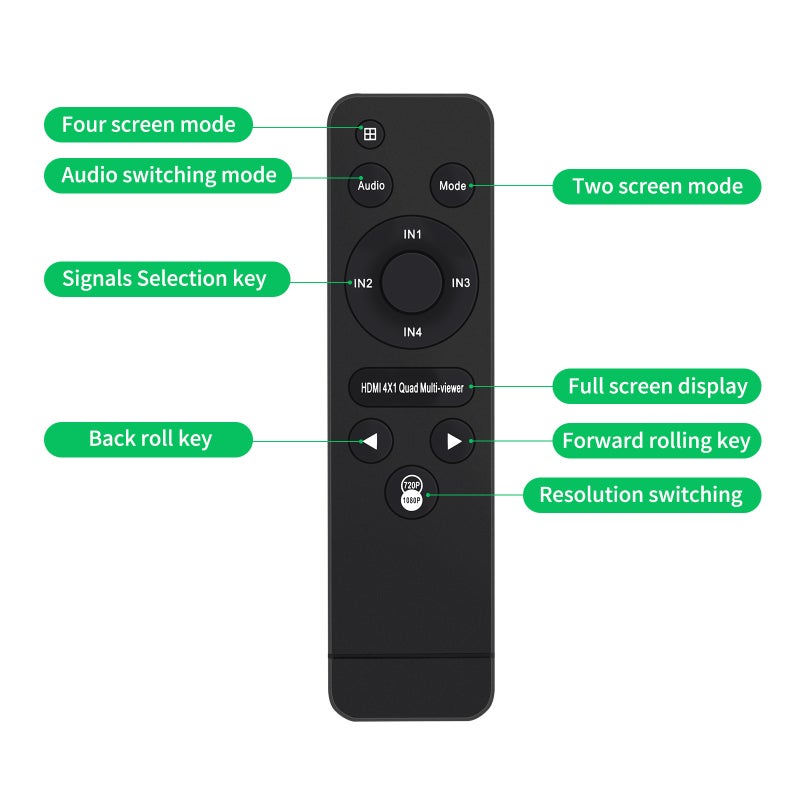 HDMI Switcher: 4-Channel Input Metal Black - 4K30HZ Seamless Switching Video Capture with USB 3.0 for Live Streaming, Game Studios, Security Monitoring - Image 5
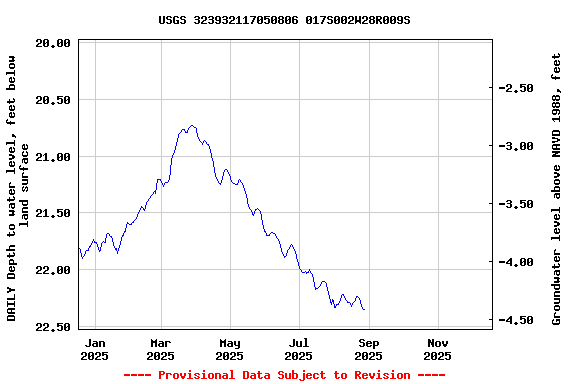 Graph of DAILY Depth to water level, feet below land surface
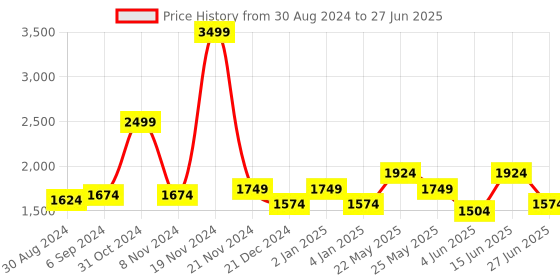 myntra.com Ozuri Embellished Block Mules ozuri Price History Graph from 30 Aug 2024 to 27 Jun 2025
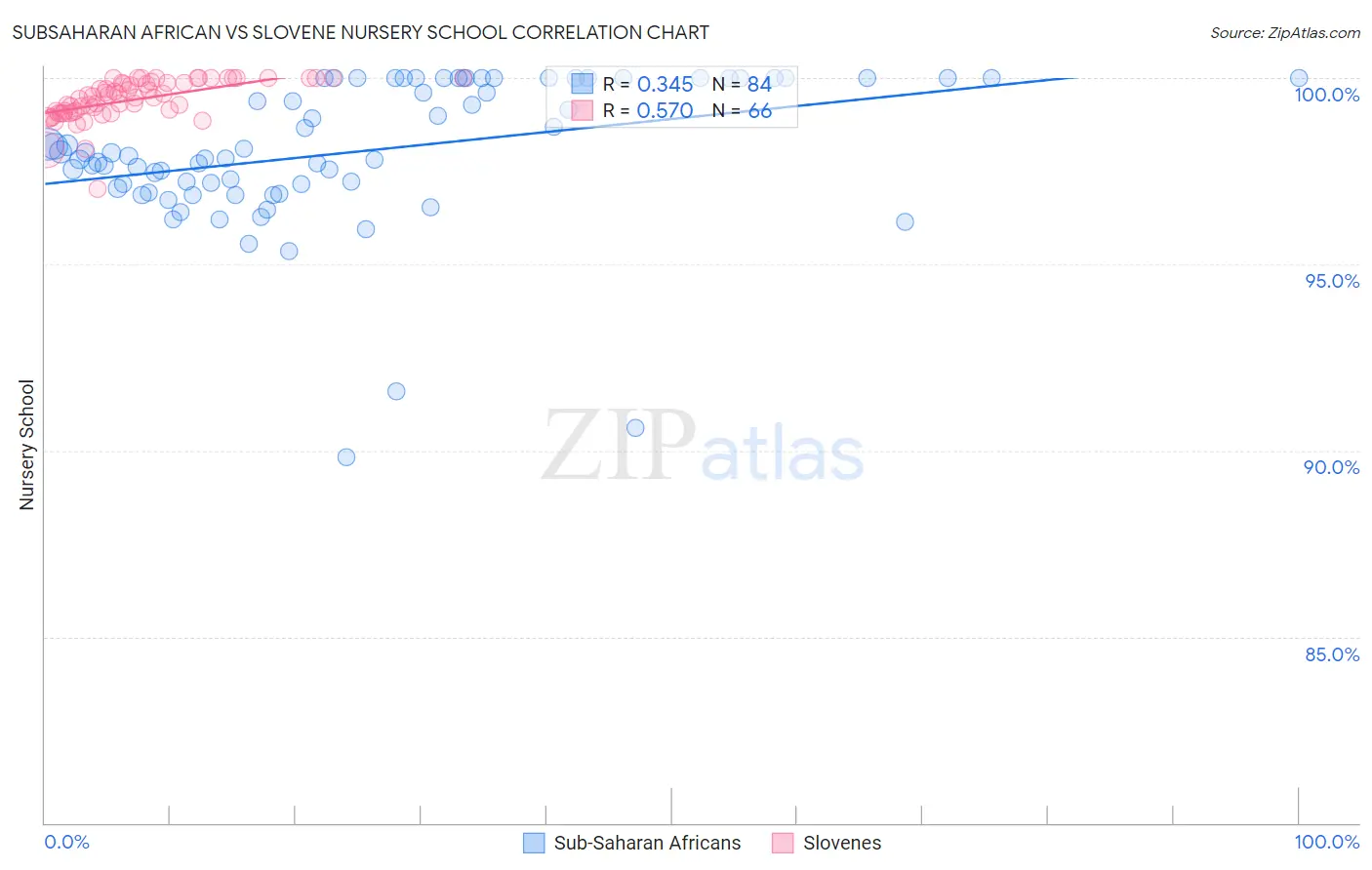 Subsaharan African vs Slovene Nursery School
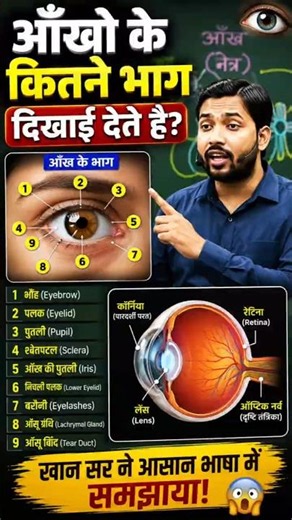 आँखो के कितने भाग दिखाई देते है? खान ने बताए सुनो #khansiracedmyclass #motivational #studytips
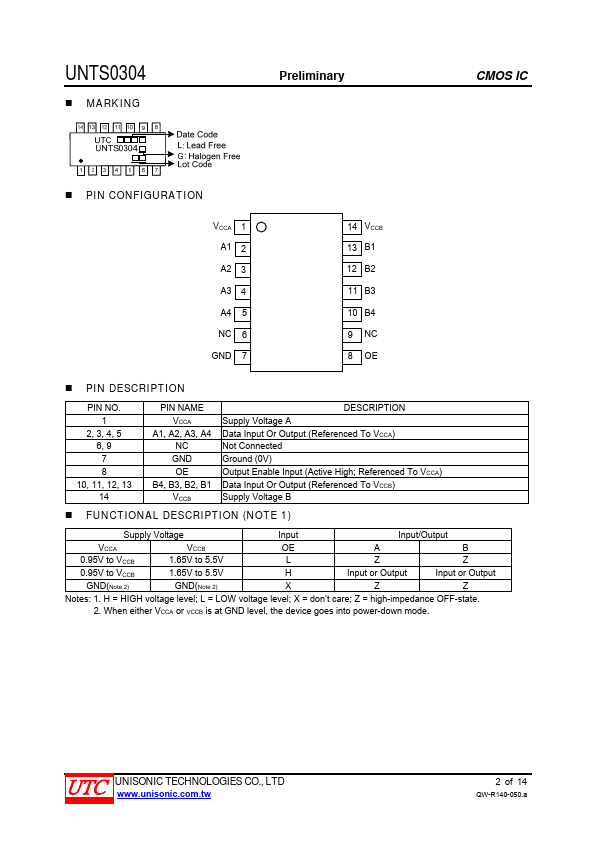 UNTS0304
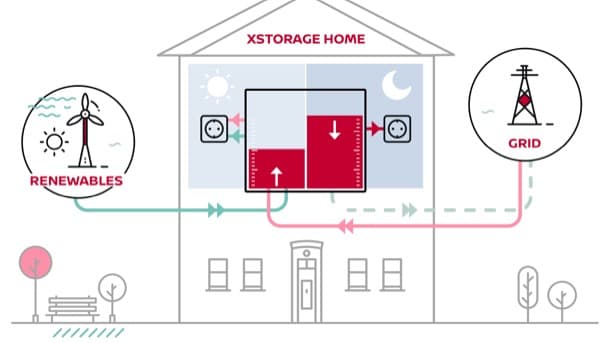 bateria-xstorage-nissan-esquema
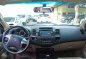 2014 Toyota Fortuner V AT Automatic Transmission-2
------
WORK REQUEST: Pictures don't belong in the copy. Transcribe every record exactly as it appears.

EXPECTED OUTPUT:
 HDMI Switcher: 4-Channel Input Metal Black - 4K30HZ Seamless Switching Video Capture with USB 3.0 for Live Streaming, Game Studios, Security Monitoring - Image 5
 Graph of DAILY Depth to water level, feet below land surface
 myntra.com Ozuri Embellished Block Mules ozuri Price History Graph from 30 Aug 2024 to 27 Jun 2025
 Subsaharan African vs Slovene Nursery School
 आँखो के कितने भाग दिखाई देते है? खान ने बताए सुनो #khansiracedmyclass #motivational #studytips
 UNTS0304
 bateria-xstorage-nissan-esquema
 2014 Toyota Fortuner V AT Automatic Transmission-2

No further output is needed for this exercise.